If the way adding default value into kernel config is disliked,
this a) option looks good. We can get value with x% of system RAM, but
clamp it with CRASH_KERNEL_MIN/MAX. The CRASH_KERNEL_MIN/MAX may need be
defined with a default value for different ARCHes. It's very close to
our current implementation, and handling 'auto' in kernel.
And kernel config provided so that people can tune the MIN/MAX value,
but no need to post patch to do the tuning each time if have to?

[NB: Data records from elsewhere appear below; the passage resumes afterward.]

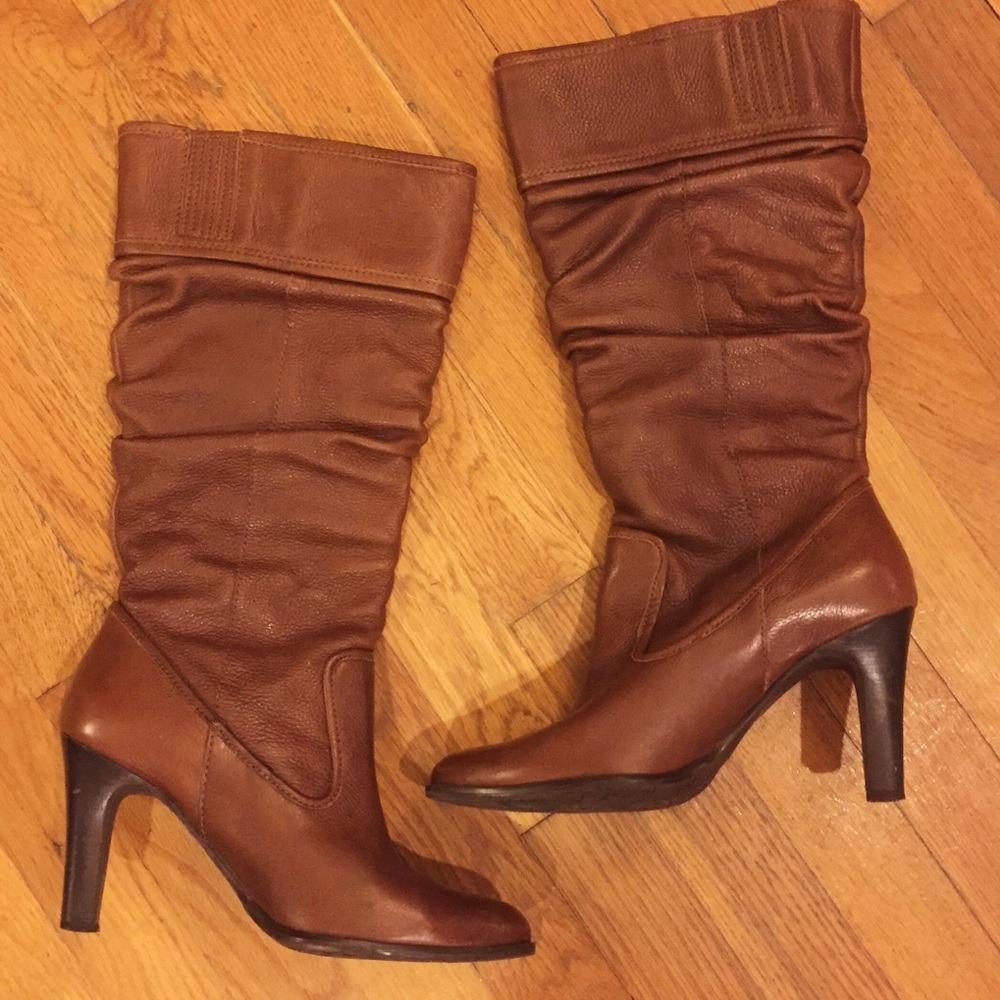 Nine West leather boots. Barely worn. 9.5M, $20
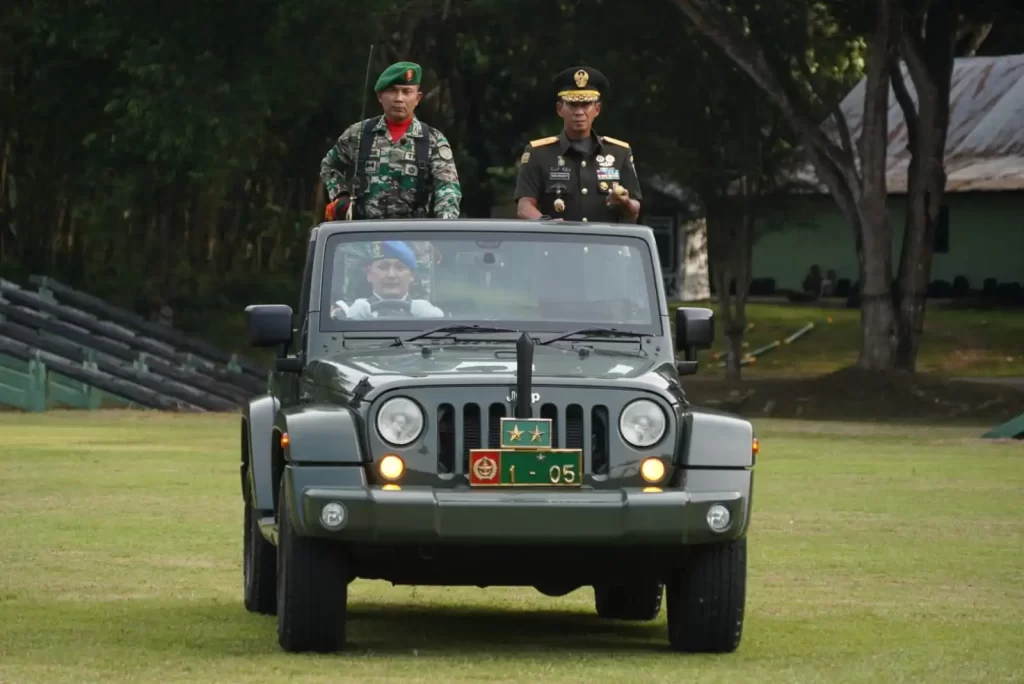 mobil dinas tni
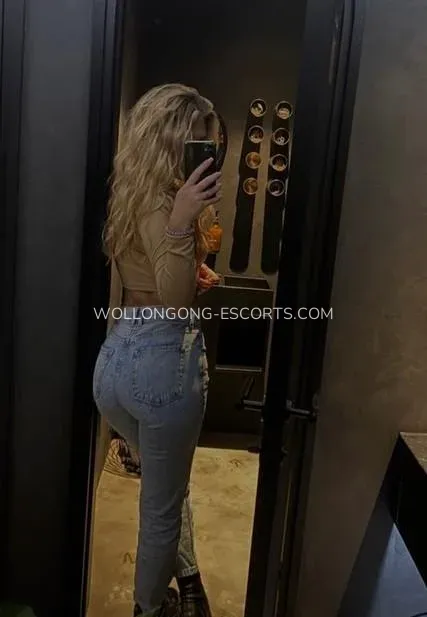 Wollongong escorts Elise — 9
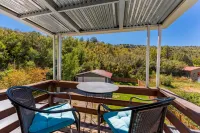 Luxury Durango Retreat, 5 Min to Downtown, Hot Tub, Views, Games, Pets Welcome!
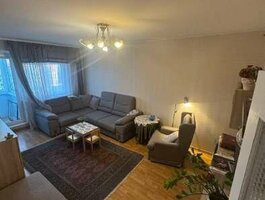 4 kambarių butas Klaipėdoje, Bandužiuose, Vaidaugų g.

Maybe I'm missing something, but the whole point is to avoid kernel
configuration option at all. If the crashkernel=auto works good for 99% of
the cases, there is no need to provide build time configuration along with
it. There are plenty of ways users can control crashkernel reservations
with the existing 2-4 (depending on architecture) command line options.
Simply hard coding a reasonable defaults (e.g.
"1G-64G:128M,64G-1T:256M,1T-:512M"), and using these defaults when
crashkernel=auto is set would cover the same 99% of users you referred to.
Right, and we can easily allocate a bit more as a safety net temporarily
when we can actually shrink the area later.
If we can resize the reservation later during boot this will also address
David's concern about the wasted memory.
Yes.
You mentioned that amount of memory that is required for crash kernel
reservation depends on the devices present on the system. Is is possible to
detect how much memory is required at late stages of boot?
Here is my thinking:
There seems to be some kind of formula we can roughly use to come up
with the final crashkernel size. Baoquan for sure knows all the dirty
details, I assume it's roughly "core kernel + drivers + user space".
In the kernel, we can only come up with "core kernel + drivers"
expecting that we will run
a) roughly the same kernel
b) with roughly the same drivers
The "user space" part is completely under user space control, depending
on what application will be run after kexec.
So I wonder if something like
crashkernel=auto,100M
whereby "100M" corresponds to user space demands in addition to the
variable part depend on the current kernel + drivers.
would already be somewhat sufficient for main use cases I guess.
Of course, that approach will get more complicated if the user space
portion heavily depends on the drivers etc. Then we need more tunables.